Why is my computation so much faster in C# than Python

Question

Below is a simple piece of process coded in C# and Python respectively (for those of you curious about the process, it\'s the solution for Problem

Answer 1

TL;DR: Long-winded post that is me trying to defend Python (my language of choice) against C#. In this example, C# performs better, but still takes more lines of code to do the same amount of work, but the final performance benefit is that C# is ~5x faster than a similar approach in Python when coded correctly.

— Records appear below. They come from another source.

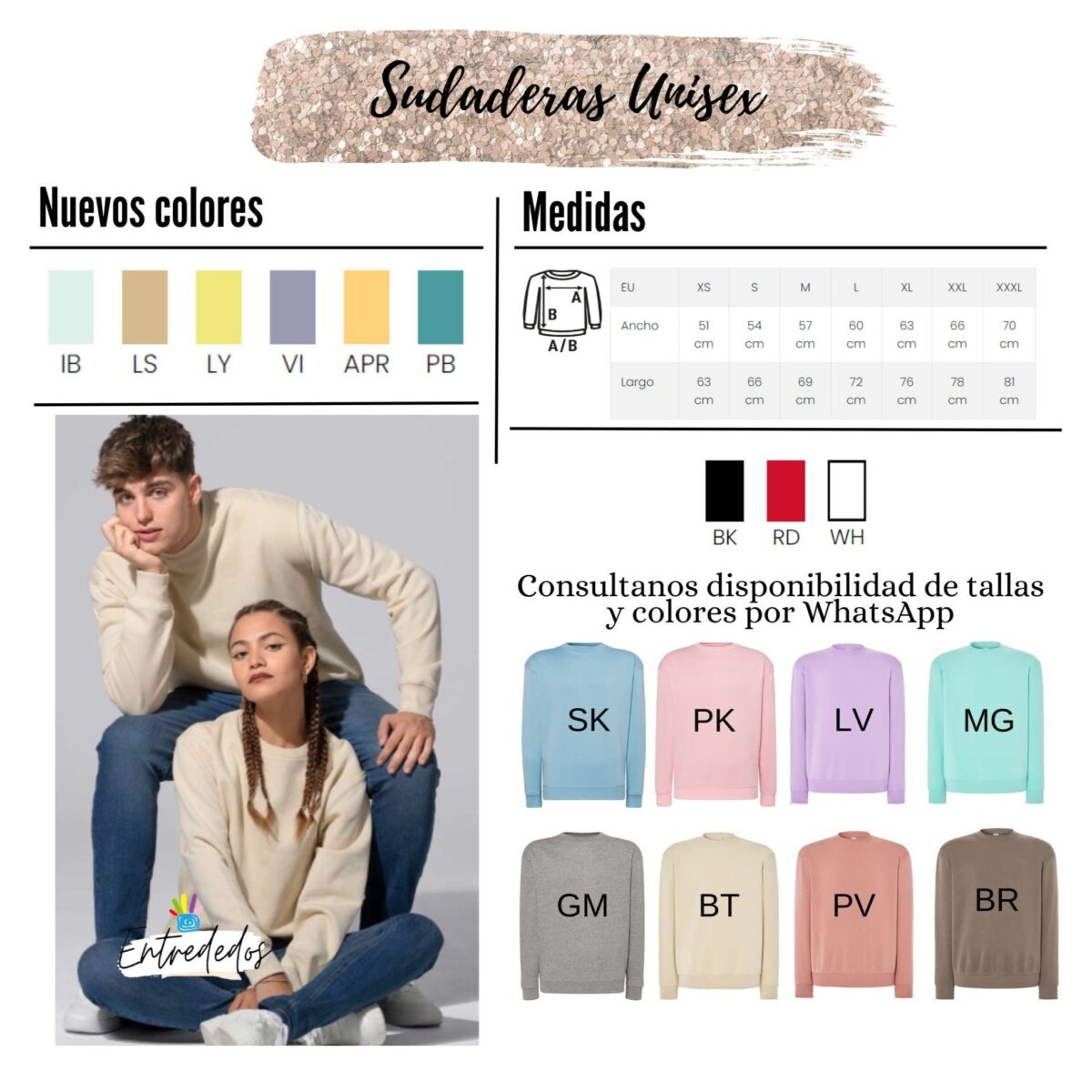 Sudadera unisex diseño PAPÁ/MAMÁ/ABUELA - Imagen 3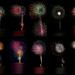Flowerpots of Fireworks by taffy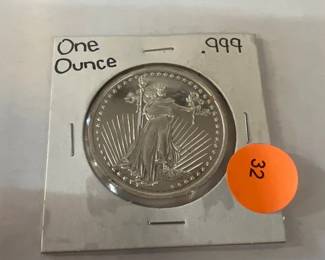ONE OUNCE .999 SILVER ROUND
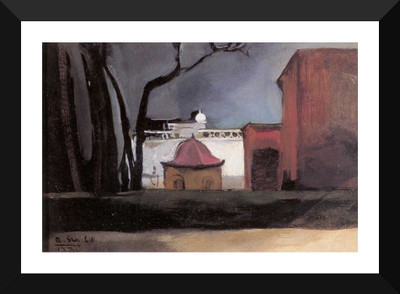 

Tallenge - Amrita Shergil - View From Majita Jouse - Framed A3 Size Poster Paper Print(17 inch X 12 inch, Framed)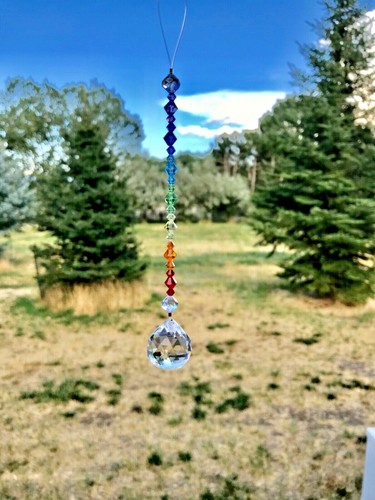 Chakra sun catcher car - chakra,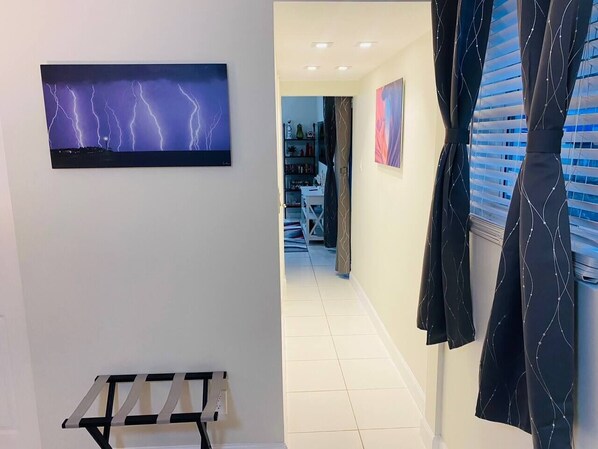 Interior - 1-Bedroom, Private Deck with Shady Mango Tree (Fort Lauderdale)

The end result is that you should use the language that suits you.

When I run the C# example, it took about 3 seconds to complete on my machine, and gave me a result of 232,792,560. It could be optimized using the known fact that you can only have a number divisible by numbers from 1 to 20 if the number is a multiple of 20, and therefore you don't need to increment by 1, but instead 20. That single optimization made the code execute ~10x faster in a mere 353 milliseconds.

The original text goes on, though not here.